- Born: Gustaf Engeström 1 August 1738 Lund, Sweden
- Died: 12 August 1813 (aged 75) Vrå, Uppsala County, Sweden
- Education: Lund University
- Occupations: Mineralogist, chemist, mining official
- Board member of: Swedish Board of Mines
- Father: Johan Engeström [sv]
- Relatives: Siblings Jacob von Engeström [sv]; Jonas von Engeström [sv]; Johan von Engeström [sv]; Maria Beata von Engeström; Ulrika von Engeström; Lars von Engeström; Adolph von Engeström [sv];

= Gustaf von Engeström =

Swedish mineralogist and chemist (1738–1813)

Gustaf von Engeström (1 August 1738 – 12 August 1813) was a Swedish mineralogist, chemist, and an official on the Swedish Board of Mines. He was a member of the Royal Swedish Academy of Sciences.

== Biography ==
Gustaf von Engeström was born in Lund. He was the son of Bishop of Lund and linguist Johan Engeström and Margareta Benzelstierna, and was knighted along with his siblings for their father's achievements in 1751 with the name von Engeström. Of six brothers, Gustaf and his youngest brother Adolph von Engeström made careers in the mining industry.

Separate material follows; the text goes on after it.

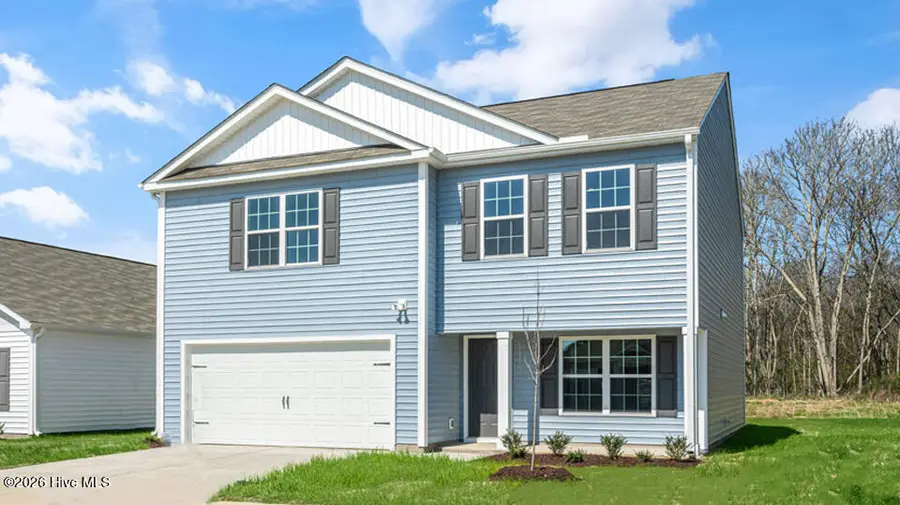 4035 Topsail Trail, New Bern, NC 28560 - Image #2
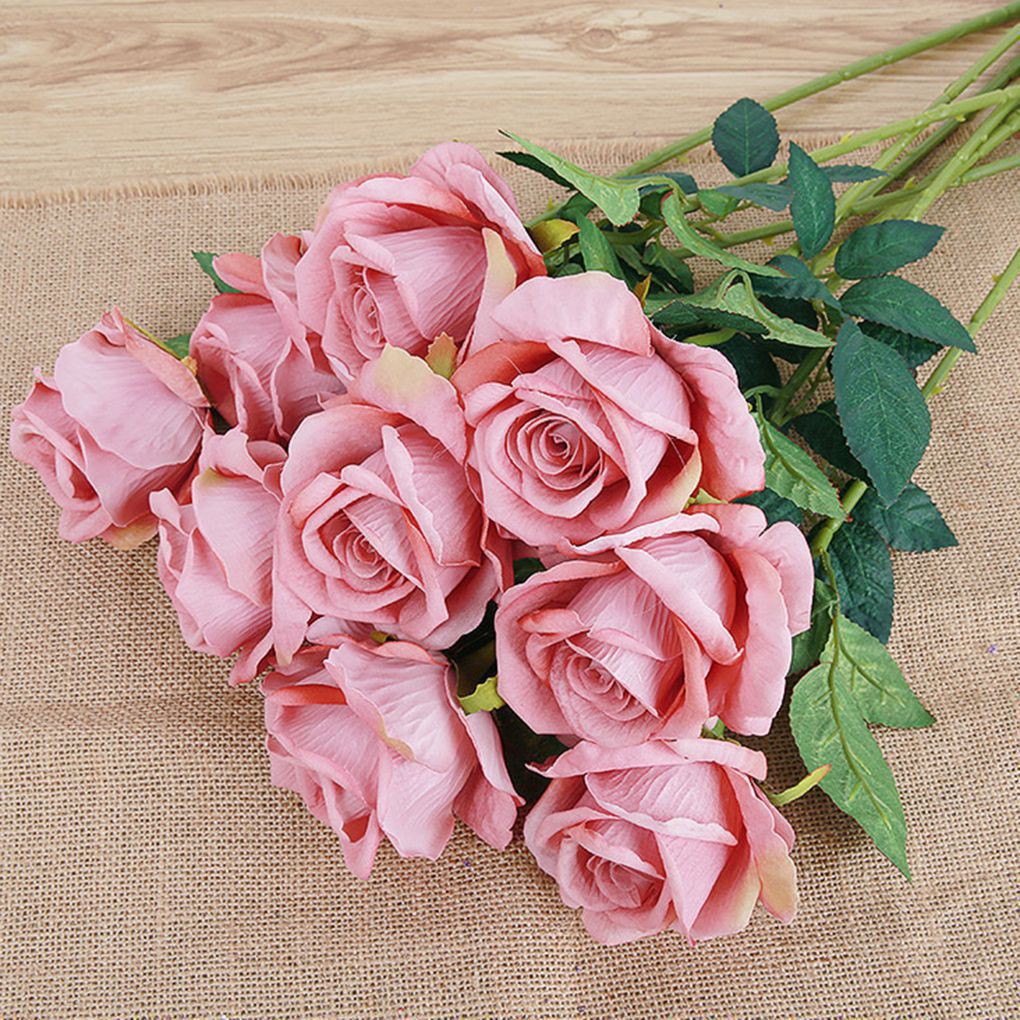 Kumpulan Gambar Seikat Bunga Mawar Pink Firepubg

He studied in Lund, graduating in law in 1755. Engeström was enrolled in 1756 as an auskultant – an unpaid civil servant allowed to take part in the agency's negotiations – at the Swedish Board of Mines. He studied chemistry and mineralogy under Anton von Swab, Henrik Teofilus Scheffer, Georg Brandt and Axel Fredrik Cronstedt, learning from the latter the practicalities of mining, and undertook study trips to Norway (1760) and England, the Dutch Republic, and Prussia (1764). In England, he trained in chemistry, including in William Lewis' laboratory, and continued the translation of Cronstedt's mineralogy book into English. In London, he published a dissertation in English in 1770, "The use of the blowpipe in mineralogy". He became known for his description of the use of the blowpipe (which came from Cronstedt) in the analysis of minerals, originating from lectures during his stay in London in 1765 and which was subsequently translated into Swedish as Nyttan af blåsröret i mineralogien. Von Engeström published papers on mineralogy and chemistry (including the recovery of mercury from mirror glass, recovery of silver from silver chloride by reaction with potassium carbonate, alum production, and minerals from China). Between 1781 and 1784 he published the first part of a larger work, Laboratorium chymicum, and a French guide to Swedish mines. He compiled mineral collections for the Prince of Condé in France and for Catherine the Great in Russia.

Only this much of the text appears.